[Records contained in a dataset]
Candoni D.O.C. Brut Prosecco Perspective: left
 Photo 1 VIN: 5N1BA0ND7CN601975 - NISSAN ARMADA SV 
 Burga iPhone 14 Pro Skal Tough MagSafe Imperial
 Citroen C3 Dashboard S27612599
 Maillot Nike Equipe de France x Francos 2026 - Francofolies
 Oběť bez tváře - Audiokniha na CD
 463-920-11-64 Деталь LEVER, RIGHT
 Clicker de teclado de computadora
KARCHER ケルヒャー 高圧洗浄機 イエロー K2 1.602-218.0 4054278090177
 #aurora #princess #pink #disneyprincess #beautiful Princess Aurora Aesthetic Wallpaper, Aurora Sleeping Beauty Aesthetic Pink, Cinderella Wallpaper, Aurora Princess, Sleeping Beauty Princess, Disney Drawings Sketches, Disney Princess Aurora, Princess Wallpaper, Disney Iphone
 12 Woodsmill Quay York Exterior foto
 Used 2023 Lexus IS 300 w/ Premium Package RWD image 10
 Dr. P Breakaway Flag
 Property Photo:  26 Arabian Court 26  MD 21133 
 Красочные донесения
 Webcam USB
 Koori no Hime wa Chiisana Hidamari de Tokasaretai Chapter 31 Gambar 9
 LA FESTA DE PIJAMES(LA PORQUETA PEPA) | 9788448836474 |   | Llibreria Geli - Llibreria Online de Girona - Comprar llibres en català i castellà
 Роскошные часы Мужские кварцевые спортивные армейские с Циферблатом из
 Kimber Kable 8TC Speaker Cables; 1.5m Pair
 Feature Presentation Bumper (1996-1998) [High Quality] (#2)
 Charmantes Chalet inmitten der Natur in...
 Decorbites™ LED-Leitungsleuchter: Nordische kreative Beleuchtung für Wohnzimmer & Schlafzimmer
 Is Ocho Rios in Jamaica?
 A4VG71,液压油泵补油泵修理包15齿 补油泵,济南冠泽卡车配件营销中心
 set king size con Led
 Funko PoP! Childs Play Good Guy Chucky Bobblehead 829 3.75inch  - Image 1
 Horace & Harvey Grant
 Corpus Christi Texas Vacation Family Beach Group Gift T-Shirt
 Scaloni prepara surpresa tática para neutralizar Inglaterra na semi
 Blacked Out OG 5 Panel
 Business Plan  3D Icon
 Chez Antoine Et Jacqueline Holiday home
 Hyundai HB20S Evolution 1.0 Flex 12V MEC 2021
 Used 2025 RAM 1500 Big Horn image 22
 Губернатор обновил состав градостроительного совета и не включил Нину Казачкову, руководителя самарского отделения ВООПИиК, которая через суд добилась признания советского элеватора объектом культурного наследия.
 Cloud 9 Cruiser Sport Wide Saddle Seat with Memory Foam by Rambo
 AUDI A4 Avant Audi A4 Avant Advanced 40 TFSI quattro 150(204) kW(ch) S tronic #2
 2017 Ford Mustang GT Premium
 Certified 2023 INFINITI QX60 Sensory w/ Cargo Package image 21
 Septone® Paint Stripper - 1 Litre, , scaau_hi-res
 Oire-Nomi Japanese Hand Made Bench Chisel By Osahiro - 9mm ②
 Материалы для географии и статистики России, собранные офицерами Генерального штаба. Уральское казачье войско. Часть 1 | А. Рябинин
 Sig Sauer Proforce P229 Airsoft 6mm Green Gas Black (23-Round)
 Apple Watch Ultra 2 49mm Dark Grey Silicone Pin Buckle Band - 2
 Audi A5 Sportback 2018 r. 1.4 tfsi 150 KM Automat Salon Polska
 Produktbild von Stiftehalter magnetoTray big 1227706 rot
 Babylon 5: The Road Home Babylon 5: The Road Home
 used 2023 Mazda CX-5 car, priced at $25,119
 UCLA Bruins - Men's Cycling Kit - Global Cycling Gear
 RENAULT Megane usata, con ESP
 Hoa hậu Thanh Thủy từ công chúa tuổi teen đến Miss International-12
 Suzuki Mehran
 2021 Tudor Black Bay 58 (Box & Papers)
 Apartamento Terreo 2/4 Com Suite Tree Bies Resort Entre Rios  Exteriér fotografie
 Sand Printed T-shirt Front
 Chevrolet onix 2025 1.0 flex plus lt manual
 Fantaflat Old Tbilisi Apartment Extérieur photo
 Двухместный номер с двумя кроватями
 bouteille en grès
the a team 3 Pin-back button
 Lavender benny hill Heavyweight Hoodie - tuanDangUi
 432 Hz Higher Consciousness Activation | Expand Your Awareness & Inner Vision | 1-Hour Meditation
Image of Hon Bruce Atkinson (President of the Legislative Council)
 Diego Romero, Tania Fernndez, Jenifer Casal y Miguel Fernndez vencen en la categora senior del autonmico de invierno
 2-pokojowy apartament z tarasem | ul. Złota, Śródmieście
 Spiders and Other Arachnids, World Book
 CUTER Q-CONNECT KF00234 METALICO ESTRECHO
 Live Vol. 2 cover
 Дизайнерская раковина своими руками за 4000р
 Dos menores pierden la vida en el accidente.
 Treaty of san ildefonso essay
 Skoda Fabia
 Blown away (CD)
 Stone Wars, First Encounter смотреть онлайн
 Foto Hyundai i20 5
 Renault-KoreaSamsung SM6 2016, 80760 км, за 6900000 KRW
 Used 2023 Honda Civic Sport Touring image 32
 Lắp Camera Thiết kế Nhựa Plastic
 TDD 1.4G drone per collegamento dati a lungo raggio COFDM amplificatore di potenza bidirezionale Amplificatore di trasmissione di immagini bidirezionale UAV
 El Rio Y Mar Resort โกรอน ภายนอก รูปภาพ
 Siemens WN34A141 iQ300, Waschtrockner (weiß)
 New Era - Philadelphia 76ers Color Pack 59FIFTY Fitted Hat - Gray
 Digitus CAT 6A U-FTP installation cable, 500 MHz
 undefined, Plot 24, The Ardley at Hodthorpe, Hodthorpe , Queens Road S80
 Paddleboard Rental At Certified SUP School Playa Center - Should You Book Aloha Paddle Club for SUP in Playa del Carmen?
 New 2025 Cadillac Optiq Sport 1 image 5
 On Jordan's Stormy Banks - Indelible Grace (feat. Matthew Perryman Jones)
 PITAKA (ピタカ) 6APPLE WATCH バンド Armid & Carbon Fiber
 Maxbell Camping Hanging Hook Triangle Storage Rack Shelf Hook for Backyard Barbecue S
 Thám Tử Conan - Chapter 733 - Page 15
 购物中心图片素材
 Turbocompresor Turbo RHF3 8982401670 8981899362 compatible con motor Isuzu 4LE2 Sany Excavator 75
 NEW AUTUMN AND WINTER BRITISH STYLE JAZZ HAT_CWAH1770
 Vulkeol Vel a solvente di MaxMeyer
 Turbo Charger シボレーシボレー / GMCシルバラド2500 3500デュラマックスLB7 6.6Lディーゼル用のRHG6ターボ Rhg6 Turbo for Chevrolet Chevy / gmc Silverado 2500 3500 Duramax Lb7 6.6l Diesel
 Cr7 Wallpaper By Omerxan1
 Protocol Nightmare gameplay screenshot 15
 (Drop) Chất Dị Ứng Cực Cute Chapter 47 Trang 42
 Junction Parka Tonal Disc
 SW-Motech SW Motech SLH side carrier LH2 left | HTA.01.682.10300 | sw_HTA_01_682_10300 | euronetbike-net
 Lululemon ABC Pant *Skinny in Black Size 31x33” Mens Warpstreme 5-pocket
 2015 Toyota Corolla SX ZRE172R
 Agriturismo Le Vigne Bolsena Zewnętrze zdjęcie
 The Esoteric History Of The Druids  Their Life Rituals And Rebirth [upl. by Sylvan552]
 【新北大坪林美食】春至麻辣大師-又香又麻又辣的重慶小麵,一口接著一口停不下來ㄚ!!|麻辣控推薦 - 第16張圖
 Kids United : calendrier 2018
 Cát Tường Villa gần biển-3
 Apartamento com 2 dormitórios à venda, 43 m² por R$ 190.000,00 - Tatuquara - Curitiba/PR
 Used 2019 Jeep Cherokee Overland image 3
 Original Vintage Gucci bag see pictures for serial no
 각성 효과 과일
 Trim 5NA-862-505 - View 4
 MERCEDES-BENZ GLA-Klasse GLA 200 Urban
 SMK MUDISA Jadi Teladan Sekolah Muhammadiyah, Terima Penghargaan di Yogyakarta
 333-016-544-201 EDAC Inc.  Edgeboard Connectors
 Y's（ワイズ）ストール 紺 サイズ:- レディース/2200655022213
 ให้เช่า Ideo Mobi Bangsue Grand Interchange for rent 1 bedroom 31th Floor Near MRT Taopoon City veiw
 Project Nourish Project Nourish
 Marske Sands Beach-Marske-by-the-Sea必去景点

### Description of the task
The response must consist of the lines above, from the first one through the line containing "KARCHER ケルヒャー 高圧洗浄機", reproduced exactly.

### Solution to this problem
Candoni D.O.C. Brut Prosecco Perspective: left
 Photo 1 VIN: 5N1BA0ND7CN601975 - NISSAN ARMADA SV 
 Burga iPhone 14 Pro Skal Tough MagSafe Imperial
 Citroen C3 Dashboard S27612599
 Maillot Nike Equipe de France x Francos 2026 - Francofolies
 Oběť bez tváře - Audiokniha na CD
 463-920-11-64 Деталь LEVER, RIGHT
 Clicker de teclado de computadora
KARCHER ケルヒャー 高圧洗浄機 イエロー K2 1.602-218.0 4054278090177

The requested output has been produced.